All pictures are to be omitted while the lines starting at the line with "1518 Edgewater Cir" and ending at the line with "Property building in Comfort Inn Bluefield" in the material below are retyped exactly, both ends included.
RECORD EXTRACTS Start Marker
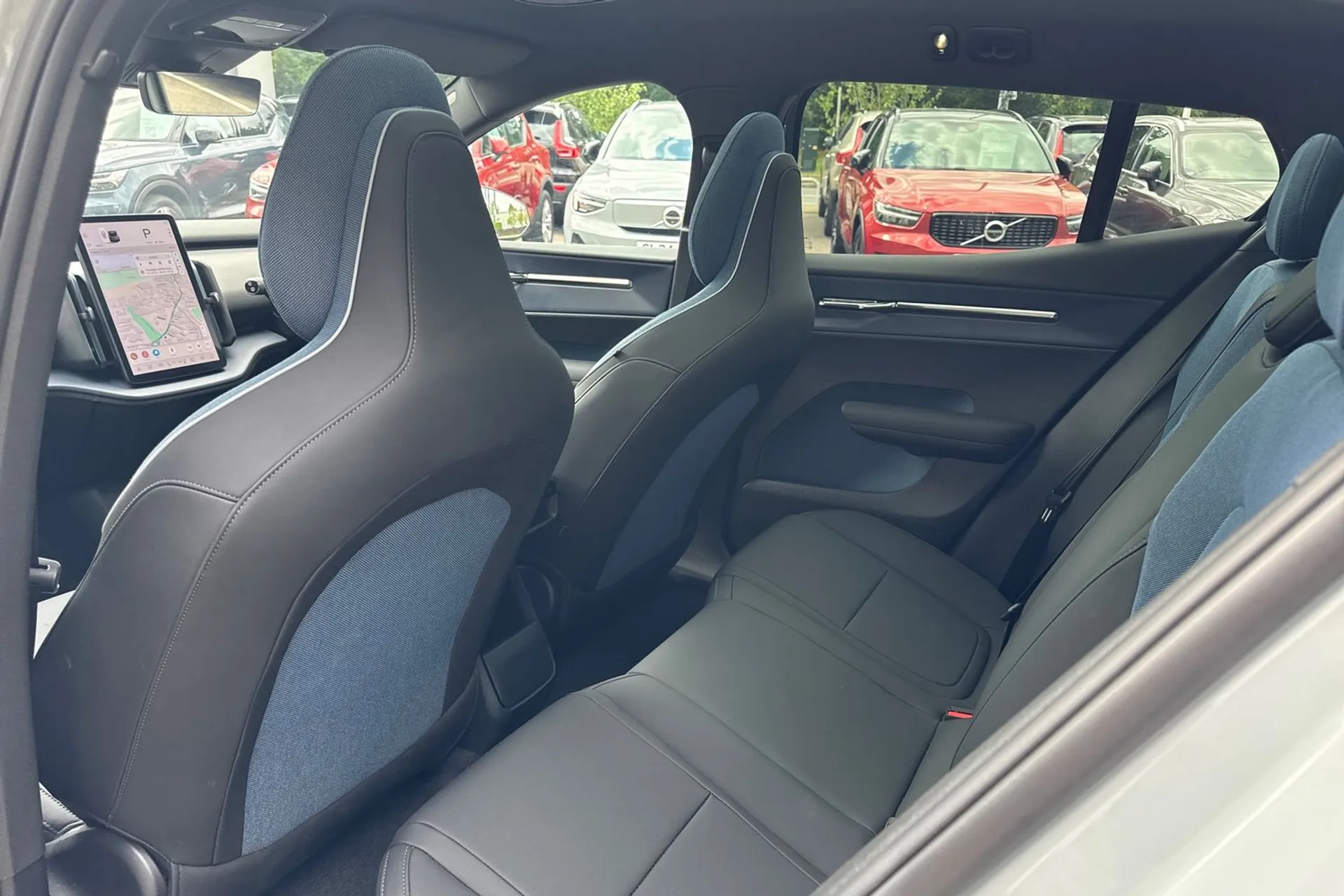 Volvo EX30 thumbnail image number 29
RECORD EXTRACTS End Marker
RECORD EXTRACTS Start Marker
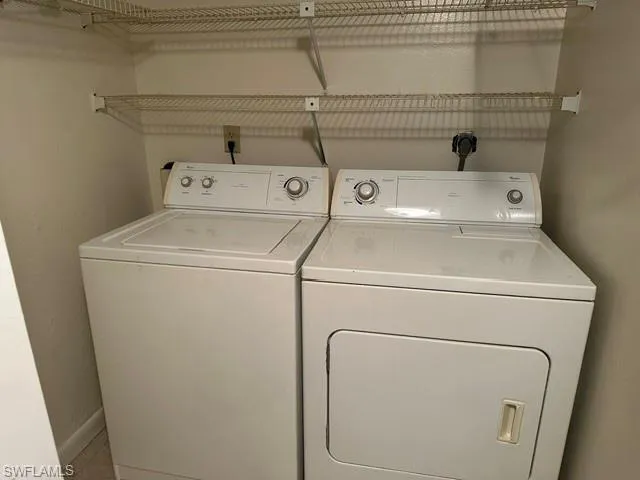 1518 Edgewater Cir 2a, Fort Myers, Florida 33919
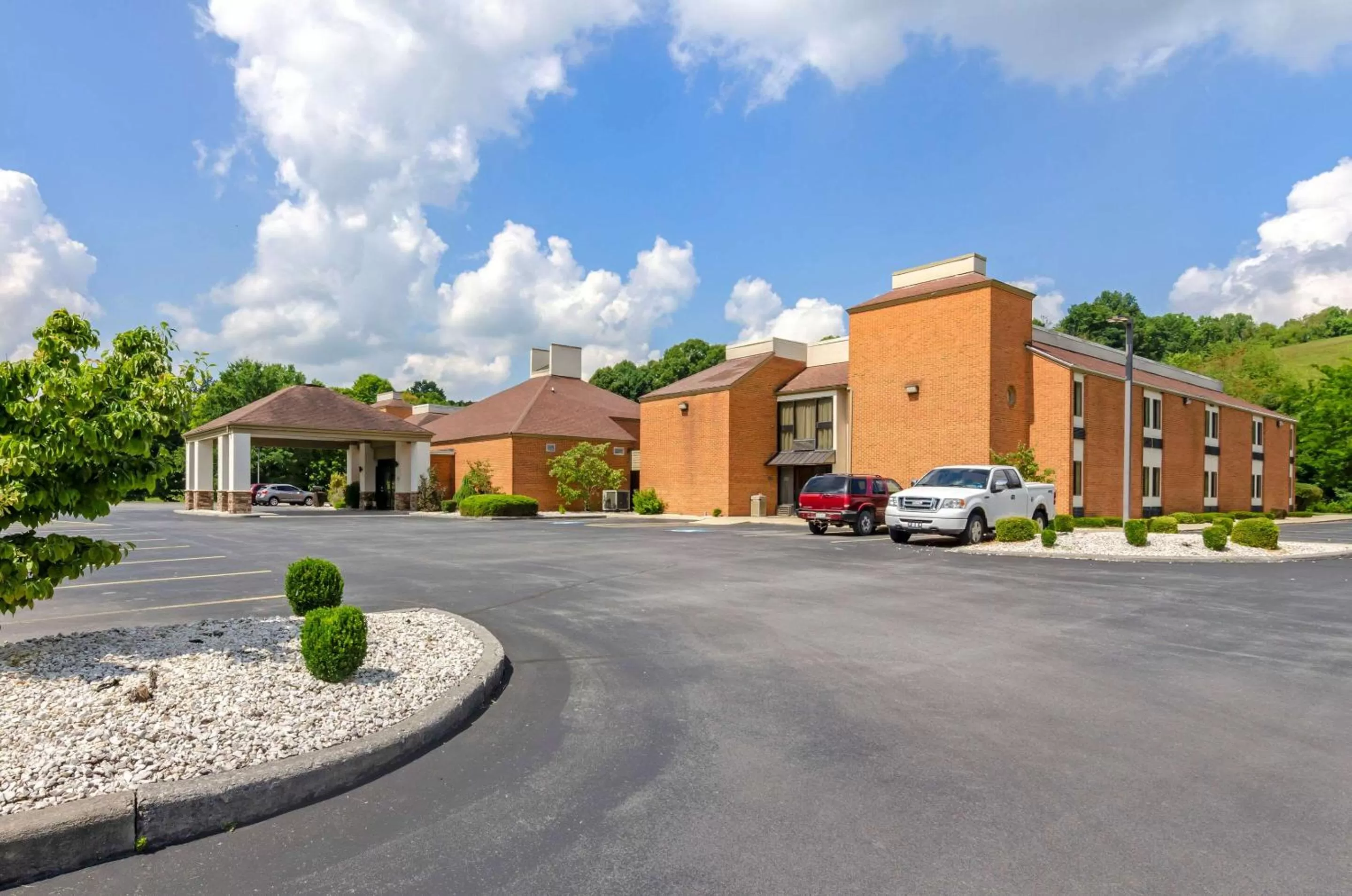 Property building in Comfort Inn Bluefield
RECORD EXTRACTS End Marker
* _ANSWER SPACE_:
 1518 Edgewater Cir 2a, Fort Myers, Florida 33919
 Property building in Comfort Inn Bluefield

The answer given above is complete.